WARP icon indicating copy to clipboard operation
WARP copied to clipboard

The detail about manual prompts

Open sinan106 opened this issue 2 years ago • 2 comments

Hi,

Thank you for your work and for releasing the code! After reading your paper, I am confused about the manual prompts.

""" In addition to the regular models where we initialize with [MASK] tokens, we performed a run on the GLUE datasets with the same prompt [CLS] "S1"? [MASK]. "S2"! [SEP] for all the tasks """ In the manual prompts, I want to know where to insert the prompts. Wouldn't the original WARP also have [CLS], [SEP] and [MASK] special tokens? What is the difference between WARPinit and WARP8 in the insertion position of prompts?

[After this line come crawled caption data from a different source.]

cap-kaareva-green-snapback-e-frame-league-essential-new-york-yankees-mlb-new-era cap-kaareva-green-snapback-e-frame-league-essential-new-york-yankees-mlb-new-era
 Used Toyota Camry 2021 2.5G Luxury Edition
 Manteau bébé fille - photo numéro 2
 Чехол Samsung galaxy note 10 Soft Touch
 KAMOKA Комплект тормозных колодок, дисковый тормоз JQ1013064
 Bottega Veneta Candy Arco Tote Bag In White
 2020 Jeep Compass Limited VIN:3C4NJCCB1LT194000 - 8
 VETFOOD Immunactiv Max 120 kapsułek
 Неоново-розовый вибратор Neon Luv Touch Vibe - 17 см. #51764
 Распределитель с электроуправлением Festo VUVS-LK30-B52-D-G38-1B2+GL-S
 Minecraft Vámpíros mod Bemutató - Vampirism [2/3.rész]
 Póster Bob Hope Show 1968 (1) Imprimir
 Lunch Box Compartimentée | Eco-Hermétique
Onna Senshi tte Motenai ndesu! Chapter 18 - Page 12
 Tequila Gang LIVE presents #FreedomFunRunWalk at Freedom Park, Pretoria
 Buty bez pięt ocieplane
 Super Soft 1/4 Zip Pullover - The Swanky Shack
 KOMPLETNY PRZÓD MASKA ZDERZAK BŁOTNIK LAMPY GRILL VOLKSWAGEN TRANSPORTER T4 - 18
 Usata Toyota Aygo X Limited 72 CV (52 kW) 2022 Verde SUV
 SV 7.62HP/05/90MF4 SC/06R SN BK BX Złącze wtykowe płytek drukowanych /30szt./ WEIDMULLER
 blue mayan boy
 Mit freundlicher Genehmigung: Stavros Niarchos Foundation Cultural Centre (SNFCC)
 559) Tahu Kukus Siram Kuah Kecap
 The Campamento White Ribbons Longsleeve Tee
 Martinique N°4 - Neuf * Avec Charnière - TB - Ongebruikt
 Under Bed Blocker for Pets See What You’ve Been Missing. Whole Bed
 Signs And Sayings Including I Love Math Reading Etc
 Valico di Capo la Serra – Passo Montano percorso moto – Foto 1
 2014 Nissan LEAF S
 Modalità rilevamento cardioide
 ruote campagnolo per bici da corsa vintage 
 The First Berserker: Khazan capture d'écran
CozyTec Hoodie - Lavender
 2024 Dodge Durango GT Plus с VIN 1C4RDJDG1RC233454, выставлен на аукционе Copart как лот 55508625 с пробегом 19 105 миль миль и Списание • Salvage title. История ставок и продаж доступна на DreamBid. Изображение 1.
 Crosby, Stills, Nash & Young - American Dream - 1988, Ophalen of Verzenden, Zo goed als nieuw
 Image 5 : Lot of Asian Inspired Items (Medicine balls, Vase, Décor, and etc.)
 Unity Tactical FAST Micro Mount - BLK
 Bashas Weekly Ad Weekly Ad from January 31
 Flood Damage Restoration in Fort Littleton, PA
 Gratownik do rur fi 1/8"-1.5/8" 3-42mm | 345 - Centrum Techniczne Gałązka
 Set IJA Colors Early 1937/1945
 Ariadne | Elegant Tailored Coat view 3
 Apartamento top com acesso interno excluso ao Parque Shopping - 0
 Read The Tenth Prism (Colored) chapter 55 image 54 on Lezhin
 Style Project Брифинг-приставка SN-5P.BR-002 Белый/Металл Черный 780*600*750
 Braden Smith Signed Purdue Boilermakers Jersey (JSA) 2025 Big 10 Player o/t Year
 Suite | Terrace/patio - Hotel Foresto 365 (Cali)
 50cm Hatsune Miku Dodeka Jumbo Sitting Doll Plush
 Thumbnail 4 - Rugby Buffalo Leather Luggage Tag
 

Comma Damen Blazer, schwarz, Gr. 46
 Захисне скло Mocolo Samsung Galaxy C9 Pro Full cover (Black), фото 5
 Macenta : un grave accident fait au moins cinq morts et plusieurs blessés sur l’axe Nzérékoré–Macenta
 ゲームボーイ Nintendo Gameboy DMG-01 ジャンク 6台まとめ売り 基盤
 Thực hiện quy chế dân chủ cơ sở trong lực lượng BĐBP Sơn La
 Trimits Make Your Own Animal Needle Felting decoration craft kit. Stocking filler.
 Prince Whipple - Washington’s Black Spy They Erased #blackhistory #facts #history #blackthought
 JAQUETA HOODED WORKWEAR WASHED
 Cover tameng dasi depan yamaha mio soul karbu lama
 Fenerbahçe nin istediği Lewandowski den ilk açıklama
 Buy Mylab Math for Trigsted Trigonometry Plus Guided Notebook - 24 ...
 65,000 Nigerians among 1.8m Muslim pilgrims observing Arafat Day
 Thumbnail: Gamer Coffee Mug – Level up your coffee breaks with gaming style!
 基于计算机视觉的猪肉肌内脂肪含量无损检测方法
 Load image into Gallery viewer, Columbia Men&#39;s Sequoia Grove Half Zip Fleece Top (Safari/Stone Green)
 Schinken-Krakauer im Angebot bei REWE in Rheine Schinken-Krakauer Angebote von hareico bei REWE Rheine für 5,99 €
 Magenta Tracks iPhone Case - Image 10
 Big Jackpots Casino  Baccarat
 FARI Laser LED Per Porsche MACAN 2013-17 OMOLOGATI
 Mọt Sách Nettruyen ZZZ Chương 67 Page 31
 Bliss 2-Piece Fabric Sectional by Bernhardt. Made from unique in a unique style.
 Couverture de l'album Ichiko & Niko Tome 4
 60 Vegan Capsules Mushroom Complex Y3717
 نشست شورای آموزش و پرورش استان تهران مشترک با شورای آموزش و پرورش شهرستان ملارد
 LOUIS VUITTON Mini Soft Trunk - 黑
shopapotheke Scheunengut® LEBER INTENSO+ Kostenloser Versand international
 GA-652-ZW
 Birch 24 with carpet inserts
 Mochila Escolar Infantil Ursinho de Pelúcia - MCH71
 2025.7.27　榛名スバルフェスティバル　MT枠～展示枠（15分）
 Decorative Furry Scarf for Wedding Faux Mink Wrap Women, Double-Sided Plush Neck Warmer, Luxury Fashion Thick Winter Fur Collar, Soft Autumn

I don't know much about this field, thank you very much for answering my question

sinan106 avatar Sep 19 '22 13:09 sinan106

Dear @sinan106,

  1. Prompt Template - pre-defined (as a hyperparameter) places of where to put the trainable WARP parameters. An example of a template will be - [CLS] [P1] [P2] [S1] [P3] [MASK] [P4] [S2] [P5] [P6] [SEP] which means that the [P1]...[P6] positions have trainable word embeddings.
  2. Prompt Parameters / Embeddings - trainable - parameters / embeddings for [P1]...[P6] respectively.

The only difference between WARP8 and WARPinit is that the original WARP8 are initialized randomly (or with a fixed vector) and WARPinit parameters are initialized with actual word embeddings of ", ", ?, ., ", ", !.

Thus, the WARPinit is as good as zero-shot classifiers before any training steps.

""" In addition to the regular models where we initialize with [MASK] tokens, we performed a run on the GLUE datasets with the same prompt [CLS] "S1"? [MASK]. "S2"! [SEP] for all the tasks """

(This paragraph is only about WARPinit. )

I hope this was helpful!

mahnerak avatar Sep 19 '22 23:09 mahnerak

Thanks a lot for your answer!!

In conclusion

  1. the $WARP_1$ ~ $WARP_20$ and the $WARP_init$ all follow the same Prompt Template.
  2. The difference is that the initialization of the Prompt Embedding.
  3. The prompt length of the $WARP_init$ is also 8.

I hope my understanding is correct, thanks again for your answer!

sinan106 avatar Sep 20 '22 00:09 sinan106